Let's start with the contracts; they are extremely one-sided in favour of the airline. Basically you are agreeing that the airline can change the rules anytime it wants without any input from you. This means they can change the value of your points or even eliminate their points program without warning. Not really fair.

If you were thinking about transferring your points you might want to think again. The airline technically owns your miles. That means you can't transfer them to anyone else without paying a fee, sometimes more than what your miles are actually worth.

If you do something the airline doesn't like, like book a hidden city or throw-away ticket, they can erase your miles and kick you out of the program. This is when you book a connection flight and don't carry-on to the final destination to save money. It's definitely frowned upon by airlines but it can also get you kicked out of your rewards program.

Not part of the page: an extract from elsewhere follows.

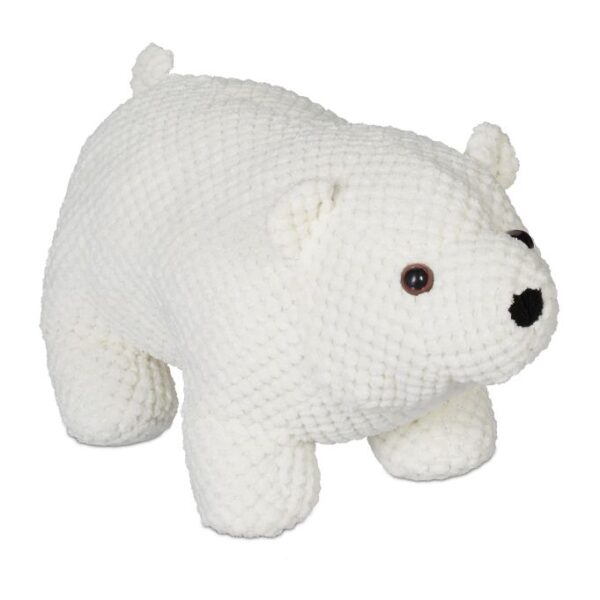 10044773_0_1_74410a346270c54eb0dd3fb54b858e1e.jpg Durų atrama "Baltasis lokys", baltos spalvos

Unfortunately with many reward programs the miles generally aren't worth their asking price.

What most of us want more than anything from loyalty programs, free flights, are unfortunately very hard to get. This is especially the case for business and first class, especially on international trips and on connecting-flights with decent itineraries. Even if you do nab a free flight most airlines still impose a stiff fuel surcharge or an 'airline fee' which is just a fuel surcharge in disguise.

Another issue is that rewards are often hidden. On airline websites, reward travel using partner airlines is sometimes hidden or not displayed at all. Also, miles required for a seat on any given flight may vary depending on which airline's program booking engine is used. Often, the only way to get a straight answer is to call an airline's frequent flyer office.

Unfortunately with many reward programs the miles generally aren't worth their asking price. Usually people place the value of airline frequent flyer miles at somewhere around a cent or a cent-and-a-half per mile. You would assume that is close to the price airlines get when they sell miles to banks for inclusion in credit card programs. But when they try to sell miles to you, the big airlines charge more than three cents — about two to three times what the miles are worth. They even charge up to one-and-a-half cents per mile to transfer miles you've already earned or bought.

Finally, elite status isn't what it used to be. For frequent travellers, the most important reward is not so much the miles as it is the elite status that provides special check-in lanes, reduced baggage fees, and (most importantly) no-charge upgrades. The problem is that airlines are now handing out elite status to more and more travellers and at the same time there are cut backs on the number of first and business class seats on domestic flights. Basically, now only super high level members can hope for an upgrade.

So there are some points you might not have known about frequent flyer programs, hopefully by knowing these you can make a better choice about joining a loyalty program. Happy travels!